_TASK DESCRIPTION_: The answer must consist solely of the lines from the opening line of the entries through the line with "Lone Star Growler", transcribed exactly and without any pictures.

.....

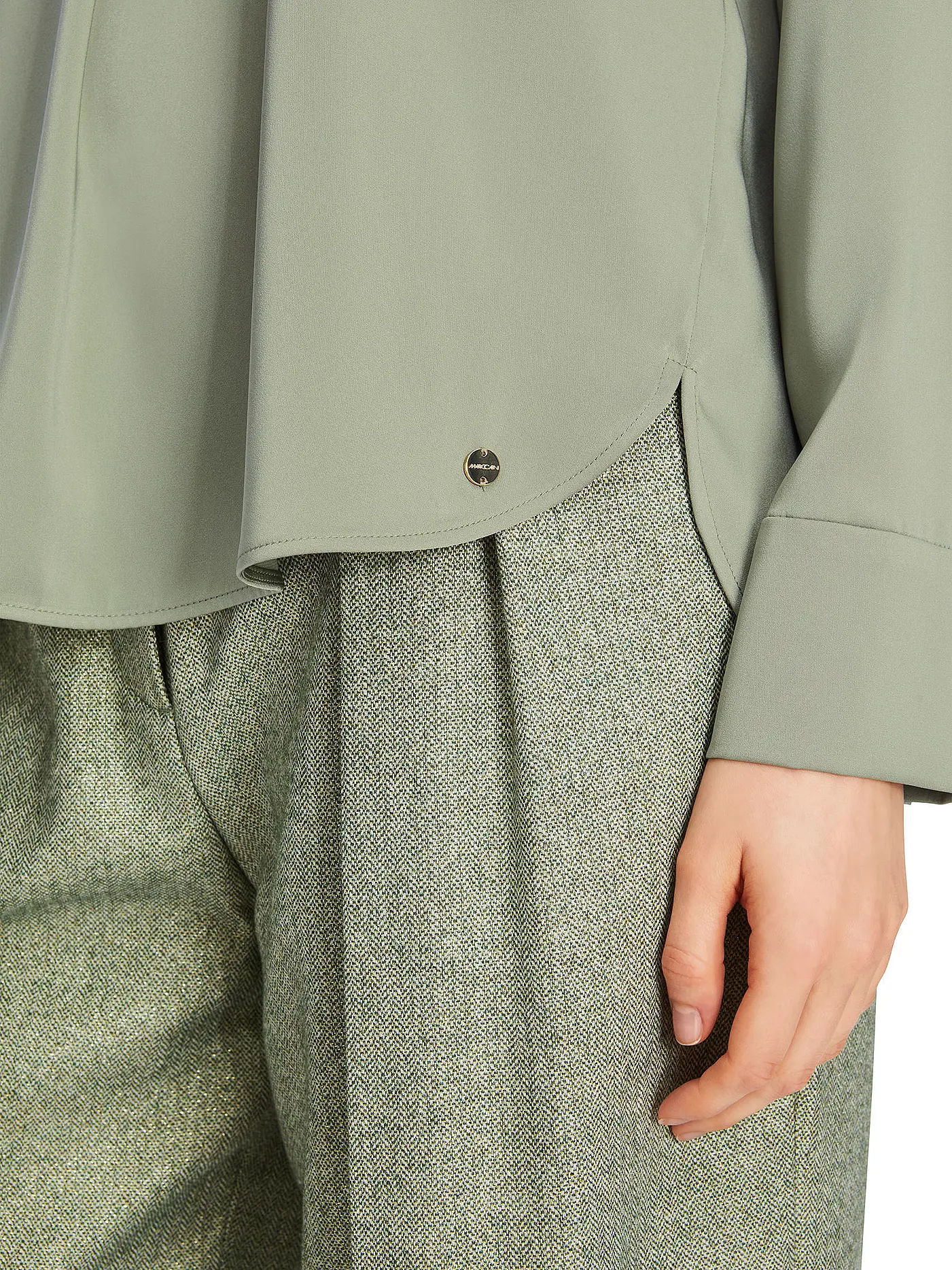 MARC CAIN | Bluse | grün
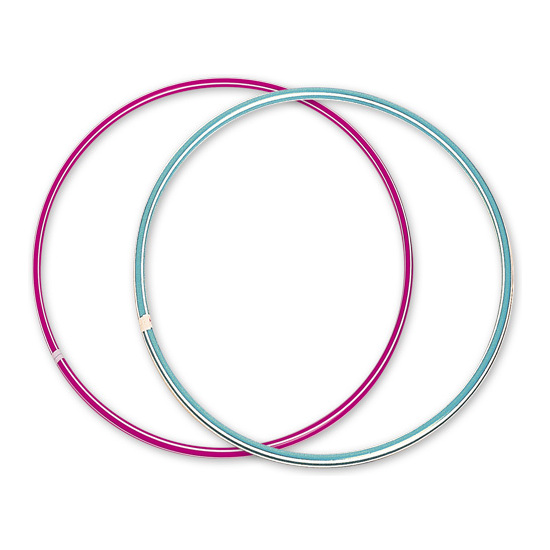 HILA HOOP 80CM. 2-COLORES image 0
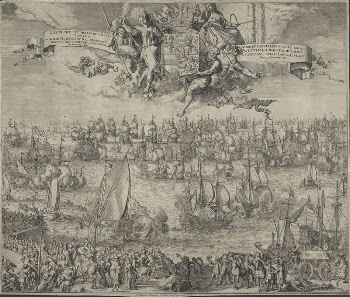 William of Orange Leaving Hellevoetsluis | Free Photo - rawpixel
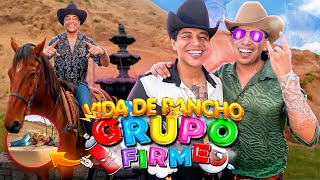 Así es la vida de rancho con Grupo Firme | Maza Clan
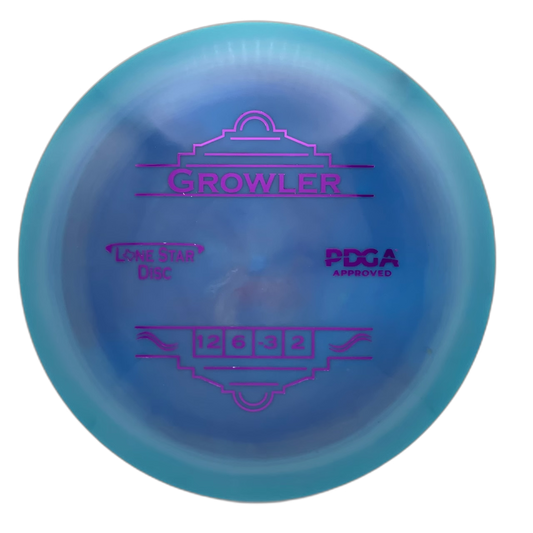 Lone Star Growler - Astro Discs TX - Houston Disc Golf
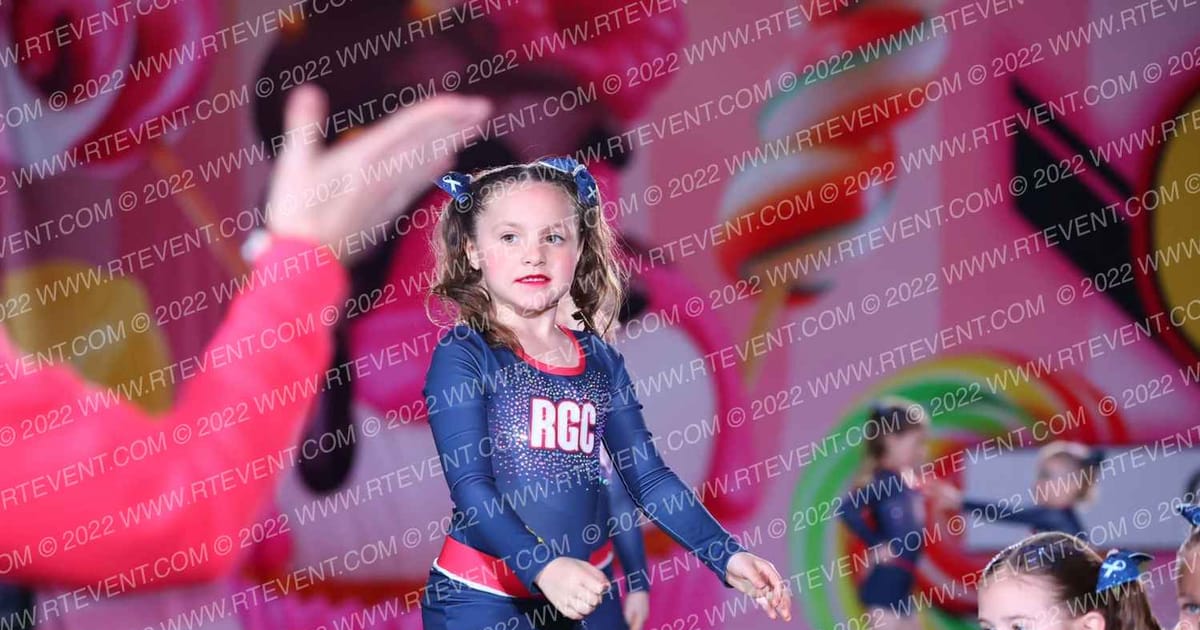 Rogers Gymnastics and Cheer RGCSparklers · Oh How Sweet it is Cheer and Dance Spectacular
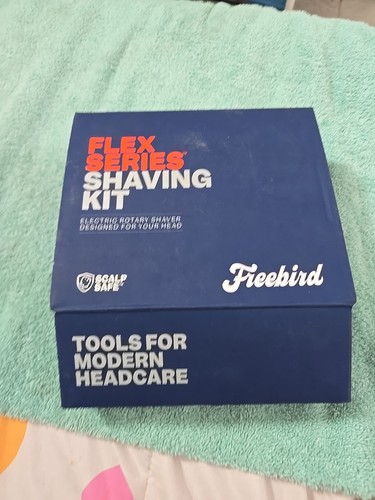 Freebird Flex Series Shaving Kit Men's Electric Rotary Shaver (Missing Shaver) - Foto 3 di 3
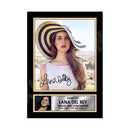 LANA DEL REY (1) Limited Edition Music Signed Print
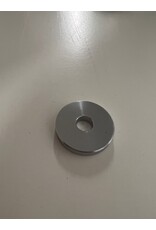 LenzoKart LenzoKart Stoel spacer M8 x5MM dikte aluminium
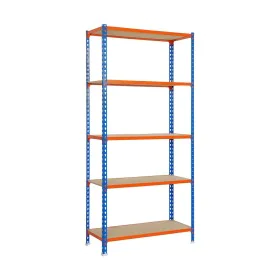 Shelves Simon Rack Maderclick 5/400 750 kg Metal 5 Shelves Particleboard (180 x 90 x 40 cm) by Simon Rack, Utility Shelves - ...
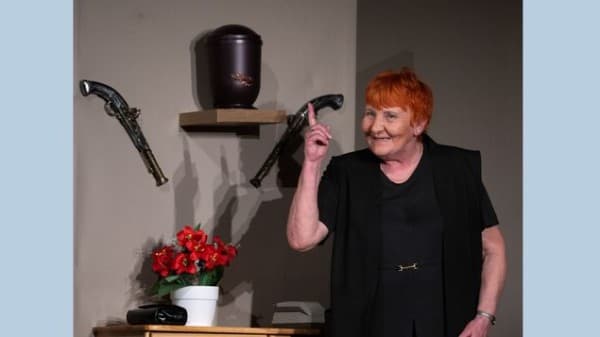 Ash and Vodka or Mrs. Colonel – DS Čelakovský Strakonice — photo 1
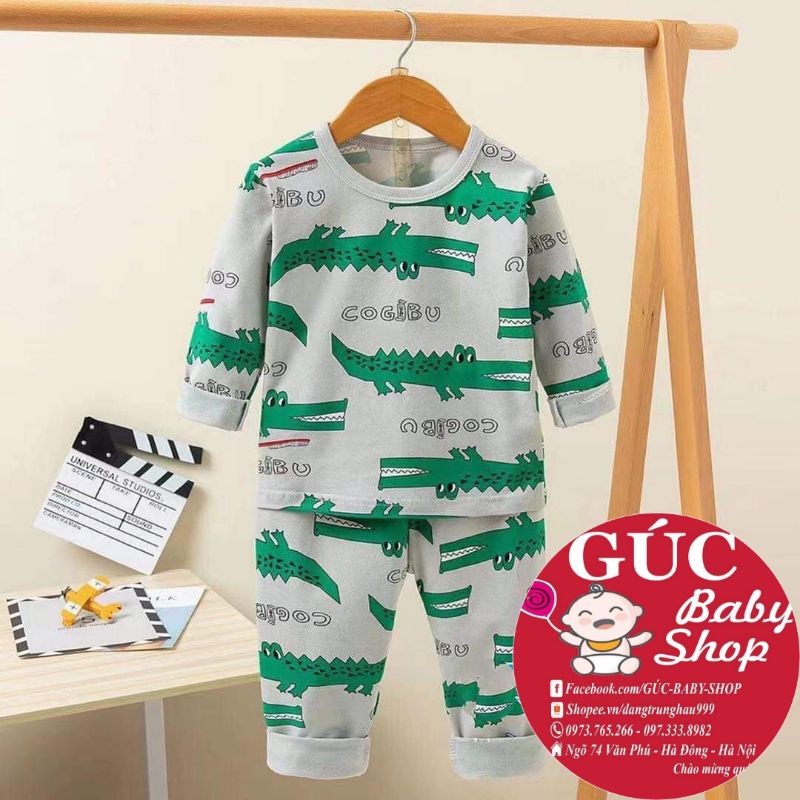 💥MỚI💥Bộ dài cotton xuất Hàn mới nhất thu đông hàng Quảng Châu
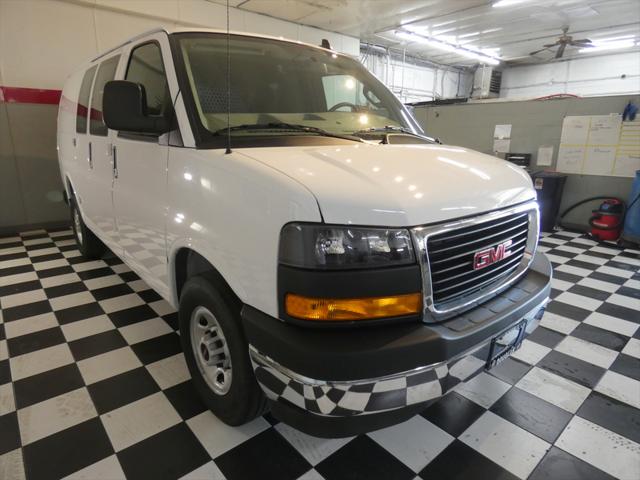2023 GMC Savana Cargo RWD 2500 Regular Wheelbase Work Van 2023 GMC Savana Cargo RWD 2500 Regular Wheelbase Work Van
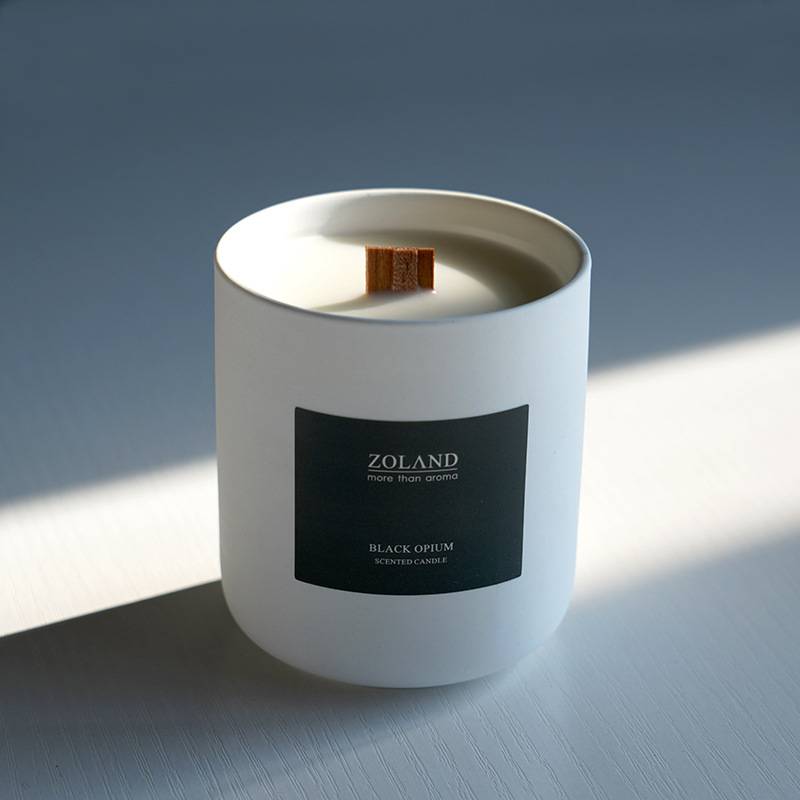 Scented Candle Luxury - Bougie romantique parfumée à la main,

.....

_EXERCISE ANSWER_:
 MARC CAIN | Bluse | grün
 HILA HOOP 80CM. 2-COLORES image 0
 William of Orange Leaving Hellevoetsluis | Free Photo - rawpixel
 Así es la vida de rancho con Grupo Firme | Maza Clan
 Lone Star Growler - Astro Discs TX - Houston Disc Golf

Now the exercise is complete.